Alcoholism is the leading risk factor for injury. The authors hypothesized that providing brief alcohol interventions as a routine component of trauma care would significantly reduce alcohol consumption and would decrease the rate of trauma recidivism.

Methods

This study was a randomized, prospective controlled trial in a level 1 trauma center. Patients were screened using a blood alcohol concentration, gamma glutamyl transpeptidase level, and short Michigan Alcoholism Screening Test (SMAST). Those with positive results were randomized to a brief intervention or control group. Reinjury was detected by a computerized search of emergency department and statewide hospital discharge records, and 6- and 12-month interviews were conducted to assess alcohol use.

Results

A total of 2524 patients were screened; 1153 screened positive (46%).
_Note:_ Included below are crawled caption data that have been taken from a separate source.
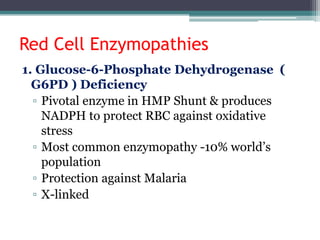 Red Cell Enzymopathies
1. Glucose-6-Phosphate Dehydrogenase (
G6PD ) Deficiency
▫ Pivotal enzyme in HMP Shunt & produces
NADPH to protect RBC against oxidative
stress
▫ Most common enzymopathy -10% world’s
population
▫ Protection against Malaria
▫ X-linked
 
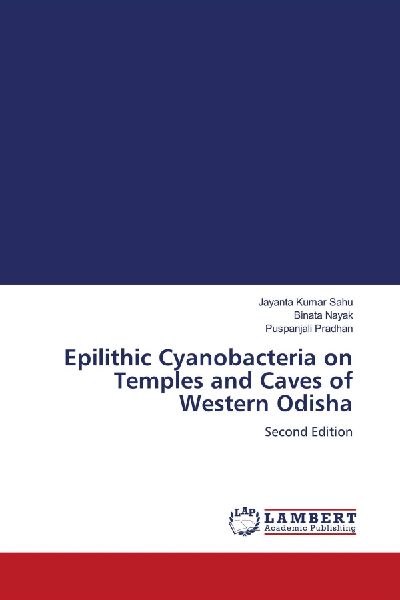 Epilithic Cyanobacteria on Temples and Caves of Western Odisha: Second Edition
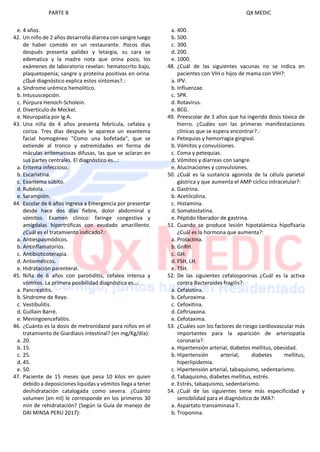PARTE B QX MEDIC
e. 4 años.
42. Un niño de 2 años desarrolla diarrea con sangre luego
de haber comido en un restaurante. Pocos días
después presenta palidez y letargia, su cara se
edematiza y la madre nota que orina poco, los
exámenes de laboratorio revelan: hematocrito bajo,
plaquetopenia; sangre y proteína positivas en orina.
¿Qué diagnóstico explica estos síntomas?.:
a. Síndrome urémico hemolítico.
b. Intususcepción.
c. Púrpura Henoch-Scholein.
d. Divertículo de Meckel.
e. Neuropatía por Ig A.
43. Una niña de 4 años presenta febrícula, cefalea y
coriza. Tres días después le aparece un exantema
facial homogéneo "Como una bofetada", que se
extiende al tronco y extremidades en forma de
máculas eritematosas difusas, las que se aclaran en
sus partes centrales. El diagnóstico es...:
a. Eritema infeccioso.
b. Escarlatina.
c. Exantema súbito.
d. Rubéola.
e. Sarampión.
44. Escolar de 6 años ingresa a Emergencia por presentar
desde hace dos días fiebre, dolor abdominal y
vómitos. Examen clínico: faringe congestiva y
amígdalas hipertróficas con exudado amarillento.
¿Cuál es el tratamiento indicado?.:
a. Antiespasmódicos.
b. Antinflamatorios.
c. Antibioticoterapia.
d. Antieméticos.
e. Hidratación parenteral.
45. Niña de 6 años con parotiditis, cefalea intensa y
vómitos. La primera posibilidad diagnóstica es…:
a. Pancreatitis.
b. Síndrome de Reye.
c. Vestibulitis.
d. Guillain Barré.
e. Meningoencefalitis.
46. ¿Cuánto es la dosis de metronidazol para niños en el
tratamiento de Giardiasis intestinal? (en mg/Kg/día):
a. 20.
b. 15.
c. 25.
d. 45.
e. 50.
47. Paciente de 15 meses que pesa 10 kilos en quien
debido a deposiciones liquidas y vómitos llega a tener
deshidratación catalogada como severa. ¿Cuánto
volumen (en ml) le corresponde en los primeros 30
min de rehidratación? (Según la Guía de manejo de
DAI MINSA PERU 2017):
a. 400.
b. 500.
c. 300.
d. 200.
e. 1000.
48. ¿Cuál de las siguientes vacunas no se indica en
pacientes con VIH o hijos de mama con VIH?:
a. IPV.
b. Influenzae.
c. SPR.
d. Rotavirus.
e. BCG.
49. Preescolar de 3 años que ha ingerido dosis tóxica de
hierro. ¿Cuáles son las primeras manifestaciones
clínicas que se espera encontrar?.:
a. Petequias y hemorragia gingival.
b. Vómitos y convulsiones.
c. Coma y petequias.
d. Vómitos y diarreas con sangre.
e. Alucinaciones y convulsiones.
50. ¿Cuál es la sustancia agonista de la célula parietal
gástrica y que aumenta el AMP cíclico intracelular?:
a. Gastrina.
b. Acetilcolina.
c. Histamina.
d. Somatostatina.
e. Péptido liberador de gastrina.
51. Cuando se produce lesión hipotalámica hipofisaria
¿Cuál es la hormona que aumenta?:
a. Prolactina.
b. GnRH.
c. GH.
d. FSH, LH.
e. TSH.
52. De las siguientes cefalosporinas ¿Cuál es la activa
contra Bacteroides fragilis?:
a. Cefalotina.
b. Cefuroxima.
c. Cefoxitina.
d. Ceftriaxona.
e. Cefotaxima.
53. ¿Cuáles son los factores de riesgo cardiovascular más
importantes para la aparición de arteriopatía
coronaria?:
a. Hipertensión arterial, diabetes mellitus, obesidad.
b. Hipertensión arterial, diabetes mellitus,
hiperlipidemia.
c. Hipertensión arterial, tabaquismo, sedentarismo.
d. Tabaquismo, diabetes mellitus, estrés.
e. Estrés, tabaquismo, sedentarismo.
54. ¿Cuál de las siguientes tiene más especificidad y
sensibilidad para el diagnóstico de IMA?:
a. Aspartato transaminasa T.
b. Troponina.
Three hundred sixty-six were randomized to the intervention group, and 396 to controls. At 12 months, the intervention group decreased alcohol consumption by 21.8 ± 3.7 drinks per week; in the control group, the decrease was 6.7 ± 5.8 (p = 0.03). The reduction was most apparent in patients with mild to moderate alcohol problems (SMAST score 3 to 8); they had 21.6 ± 4.2 fewer drinks per week, compared to an increase of 2.3 ± 8.3 drinks per week in controls (p < 0.01). There was a 47% reduction in injuries requiring either emergency department or trauma center admission (hazard ratio 0.53, 95% confidence interval 0.26 to 1.07, p = 0.07) and a 48% reduction in injuries requiring hospital admission (3 years follow-up).

Conclusion

Alcohol interventions are associated with a reduction in alcohol intake and a reduced risk of trauma recidivism. Given the prevalence of alcohol problems in trauma centers, screening, intervention, and counseling for alcohol problems should be routine.